Your output consists solely of the lines from the one that contains "مراسم بزرگداشت هفته" to the end of the material, each reproduced exactly; pictures do not belong in it.

══════════════════════════════

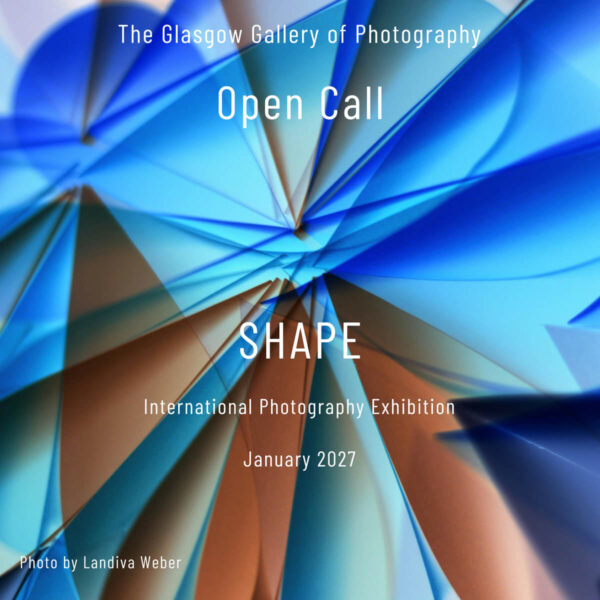 Shape 2027 International Photography Exhibition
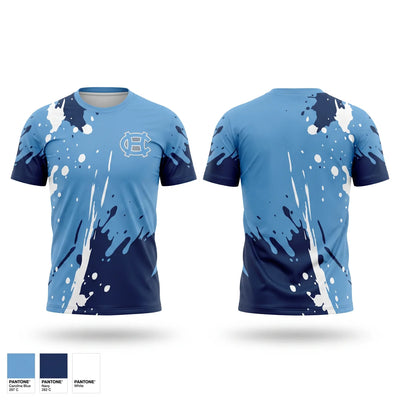 Cape Henlopen HS Short Sleeve Performance Shirt - 1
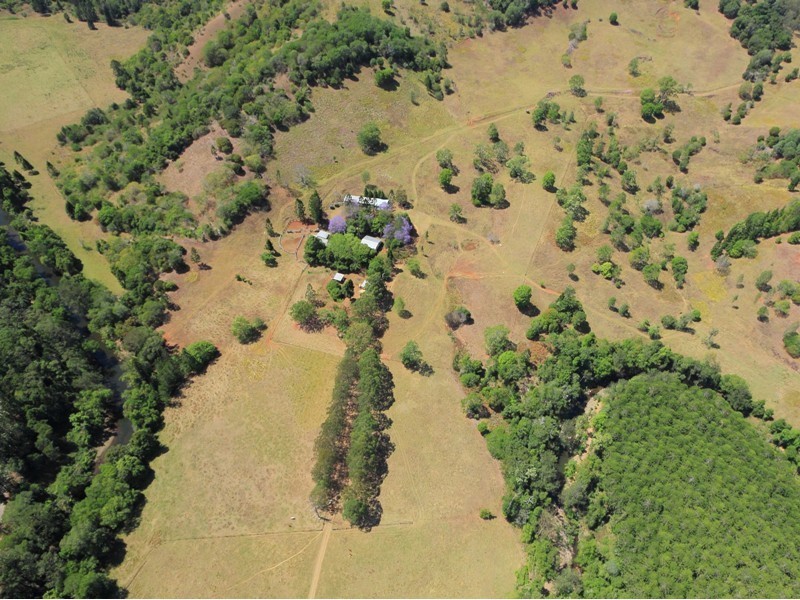 499 Amamoor Creek Rd, Amamoor QLD 4570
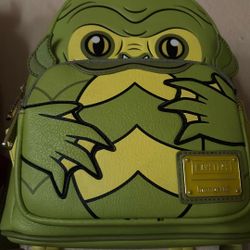 The Creature From The Black Lagoon 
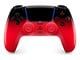 Spel Tillbehör - Sony PlayStation 5 DualSense - Techno Red - Wireless Controller - Sony PlayStation 5 - 711719020691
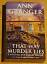 Granger Ann: That Way Murder Lies: A Mit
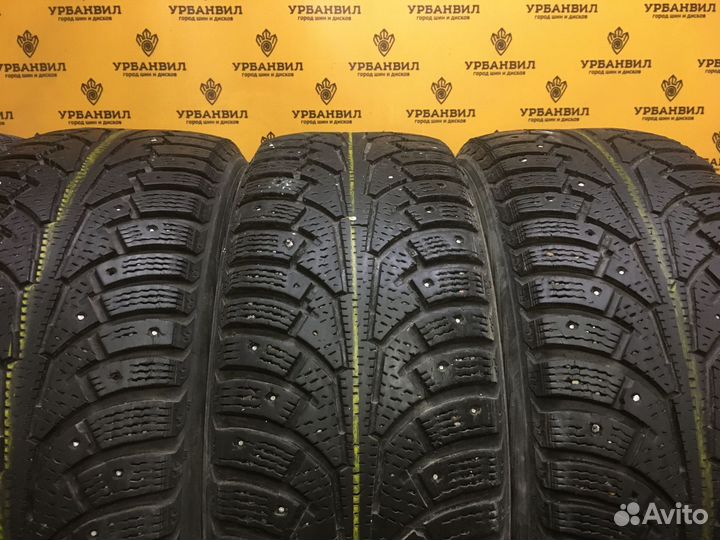Nokian Tyres Hakkapeliitta 5 205/55 R16 94T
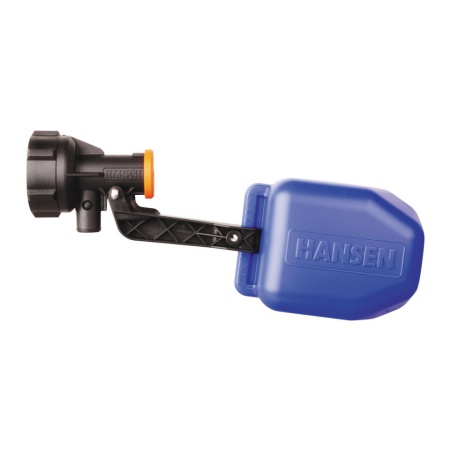 Hansen MINI FASTFLO plovak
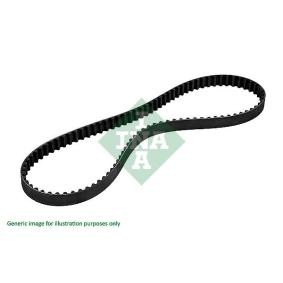 Achetez des Courroie de distribution INA 536 0401 10 à prix pour 12,23 €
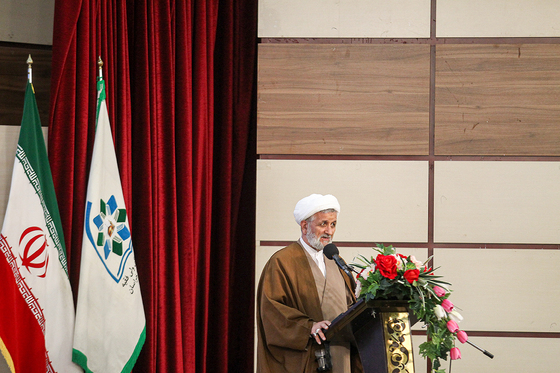  مراسم بزرگداشت هفته وحدت با حضور علمای سنی و شیعه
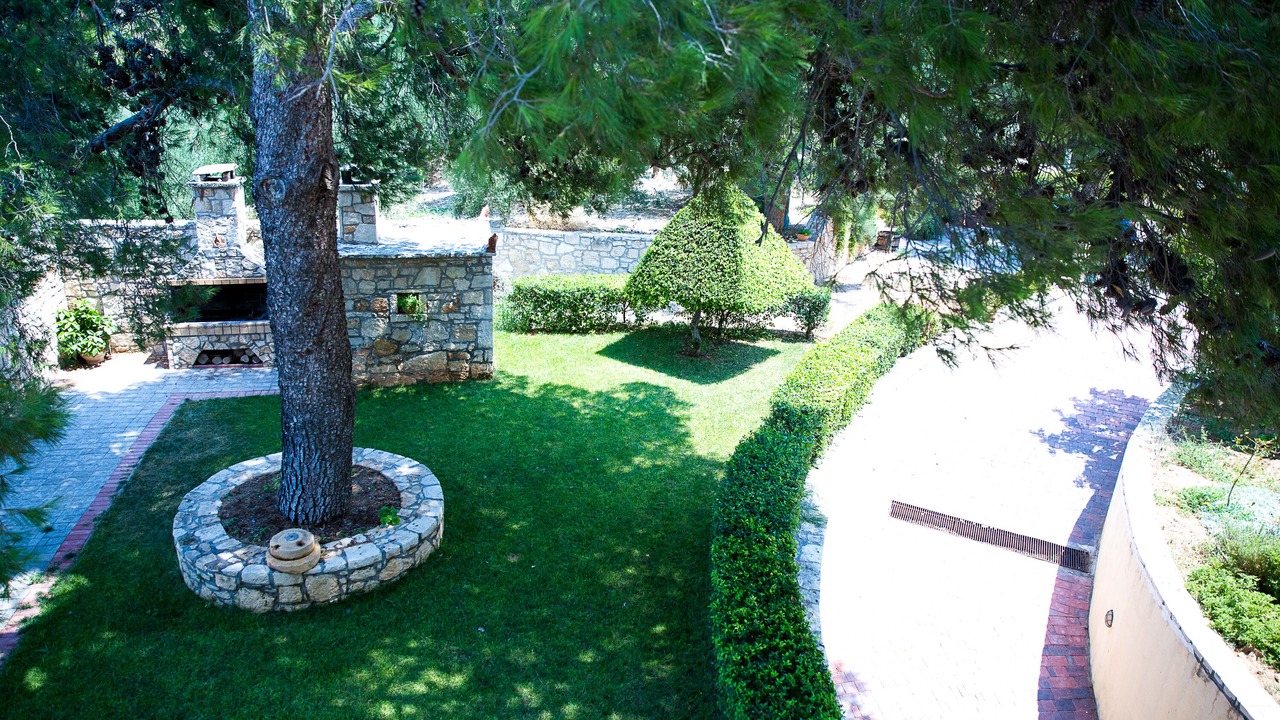 Photo of Outdoor in Heraklion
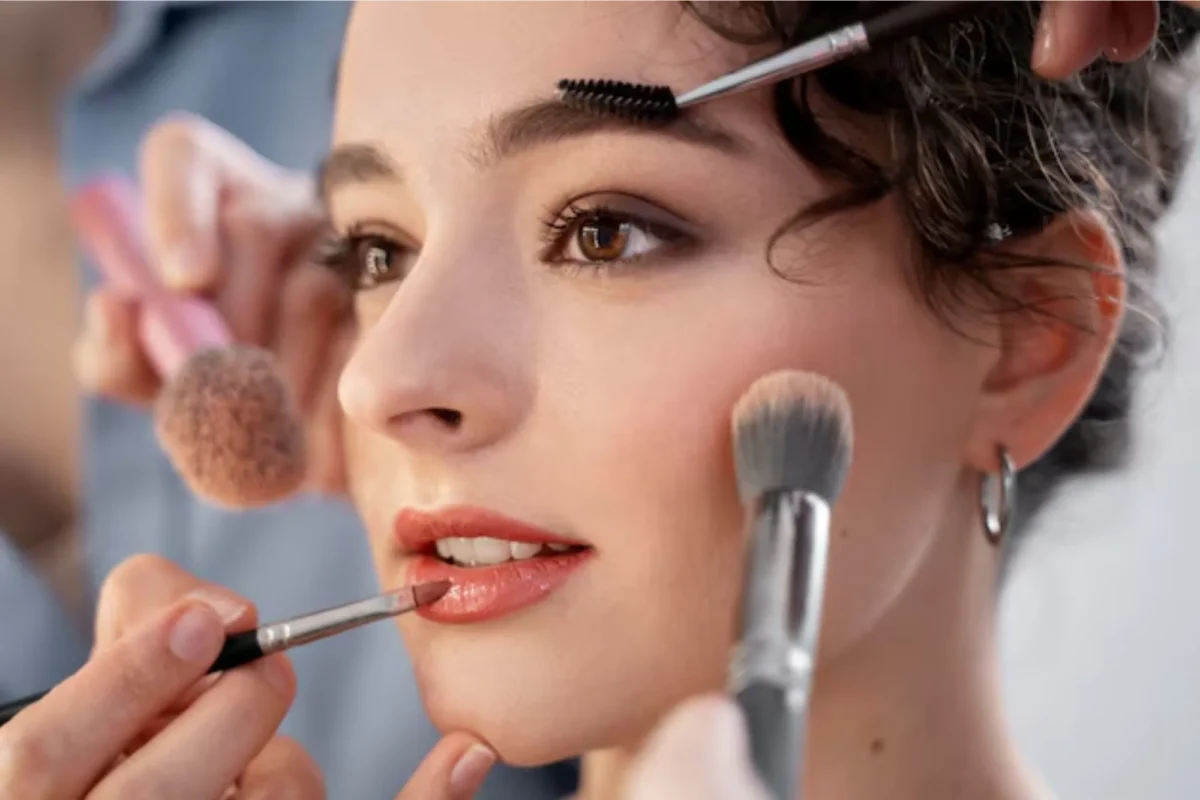 Bridal Beauty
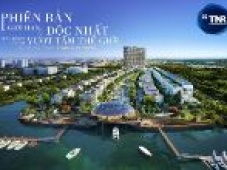 Căn hộ chung cư TNR EverGreen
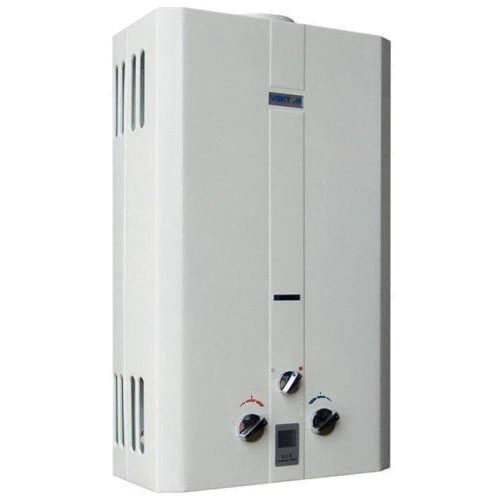 Водонагрівачі газові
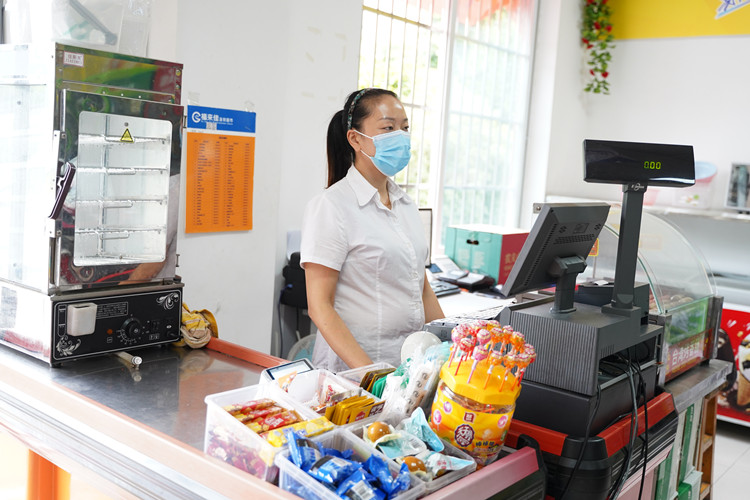 防疫有保障，疫情不慌張！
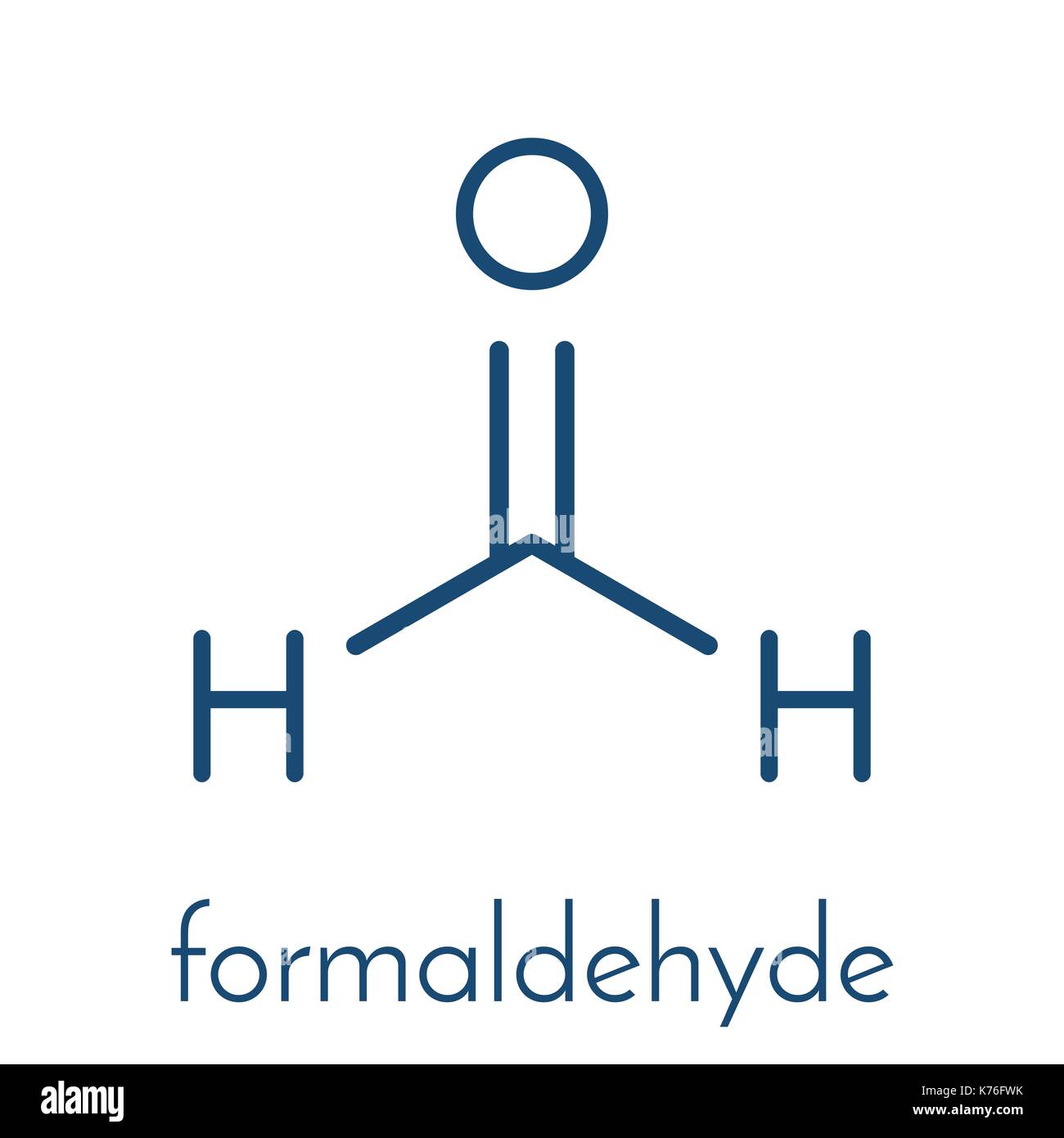 Detail Strukturformel Formaldehyd Nomer 4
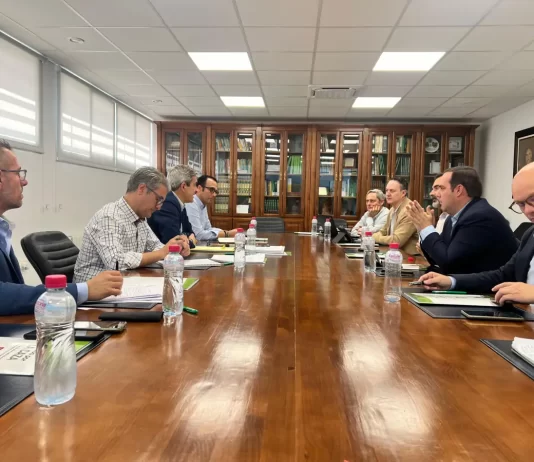 La Junta ultima un contrato con la Universidad de Alcalá de Henares para reforzar el estudio del silvestrismo en determinadas zonas de Andalucía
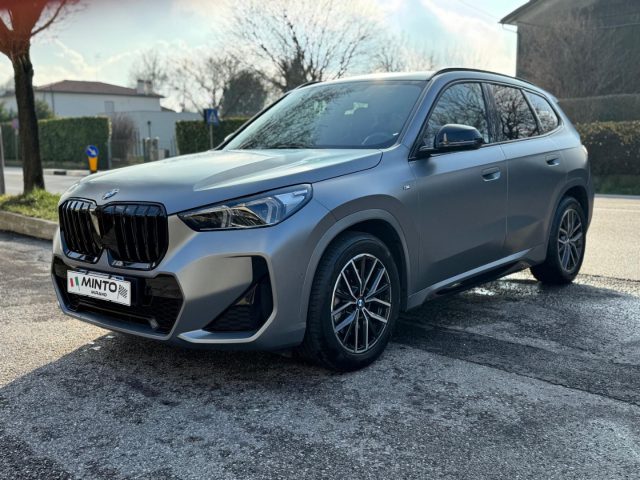 BMW X1 usata, con ABS
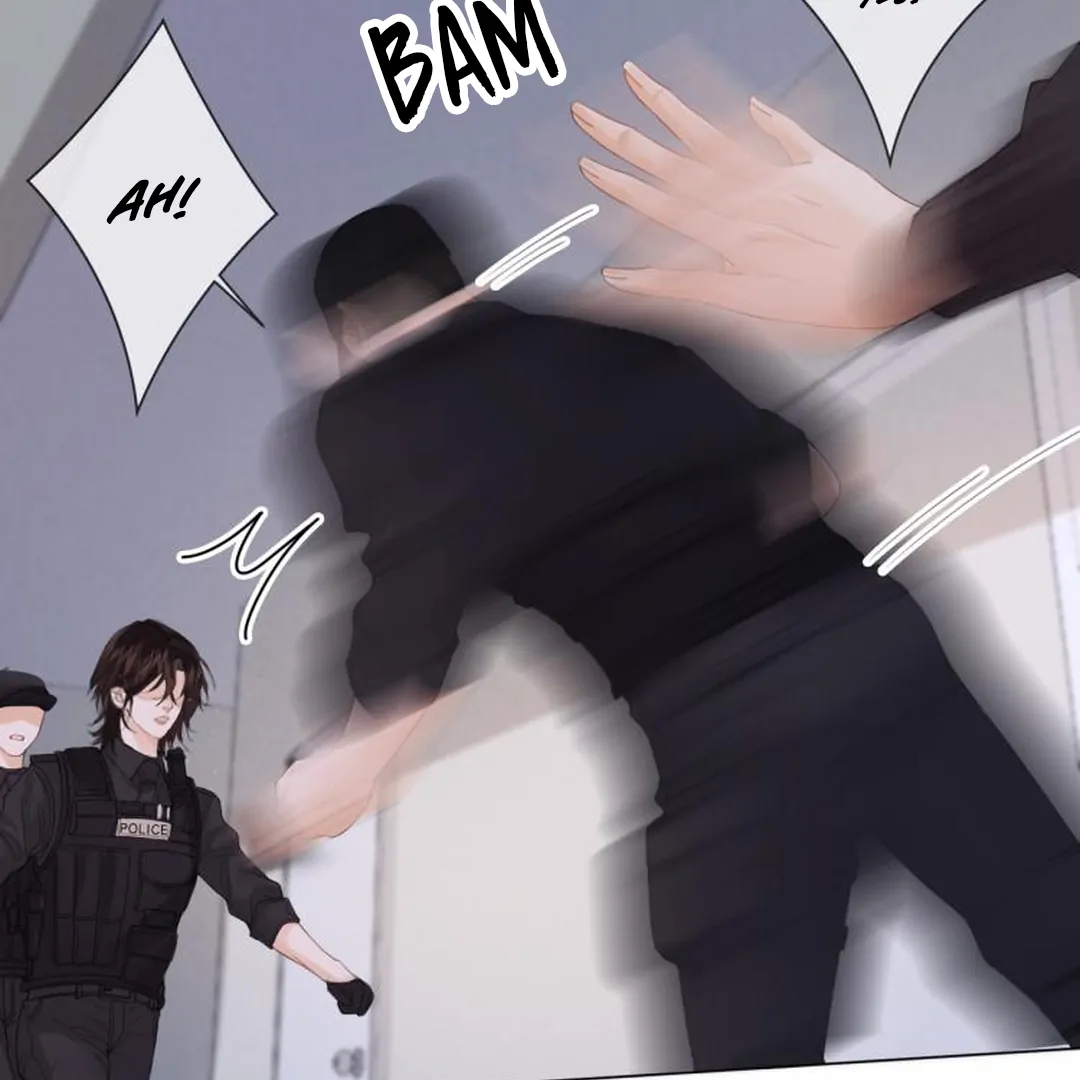 Miss Forensics Chapter 33 - Page 46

══════════════════════════════

**Solution**.
  مراسم بزرگداشت هفته وحدت با حضور علمای سنی و شیعه
 Photo of Outdoor in Heraklion
 Bridal Beauty
 Căn hộ chung cư TNR EverGreen
 Водонагрівачі газові
 防疫有保障，疫情不慌張！
 Detail Strukturformel Formaldehyd Nomer 4
 La Junta ultima un contrato con la Universidad de Alcalá de Henares para reforzar el estudio del silvestrismo en determinadas zonas de Andalucía
 BMW X1 usata, con ABS
 Miss Forensics Chapter 33 - Page 46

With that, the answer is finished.